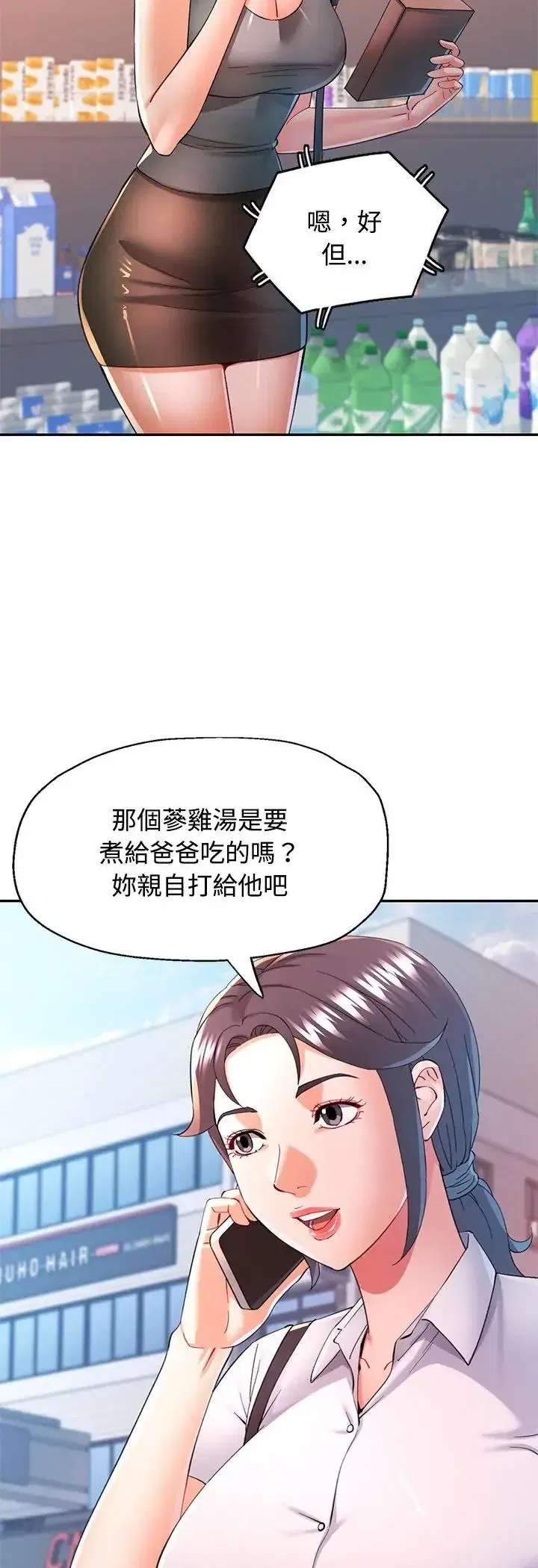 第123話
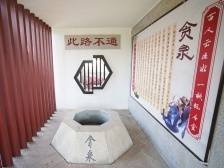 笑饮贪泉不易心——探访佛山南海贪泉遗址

____________

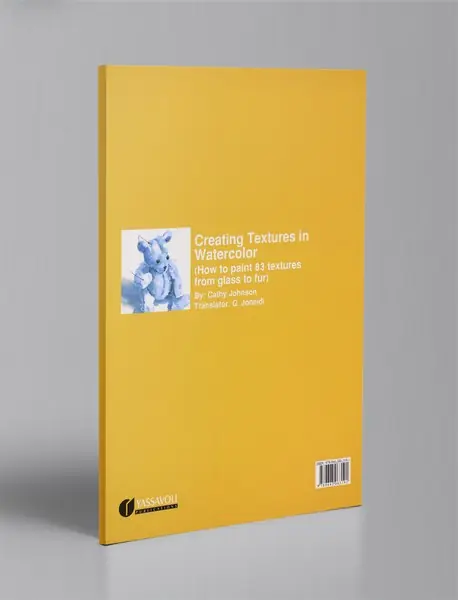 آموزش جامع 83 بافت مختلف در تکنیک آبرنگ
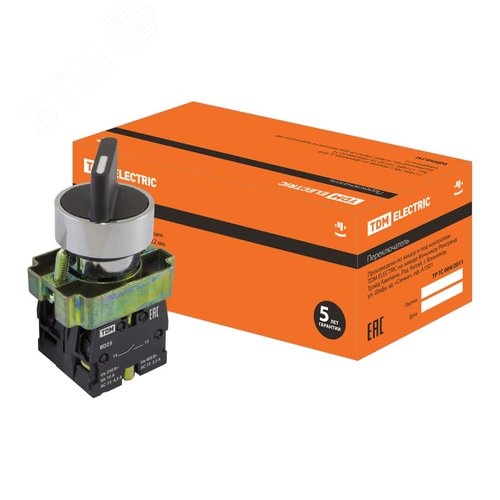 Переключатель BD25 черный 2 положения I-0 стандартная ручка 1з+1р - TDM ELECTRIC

____________

- _EXERCISE BRIEF_: Nothing but the lines from the one containing "آموزش جامع 83 بافت مختلف در تکنیک آبرنگ" through the one containing "Переключатель BD25 черный" should appear, copied exactly from the material above and without pictures.

- _RESPONSE TO THIS EXERCISE_:
 آموزش جامع 83 بافت مختلف در تکنیک آبرنگ
 Переключатель BD25 черный 2 положения I-0 стандартная ручка 1з+1р - TDM ELECTRIC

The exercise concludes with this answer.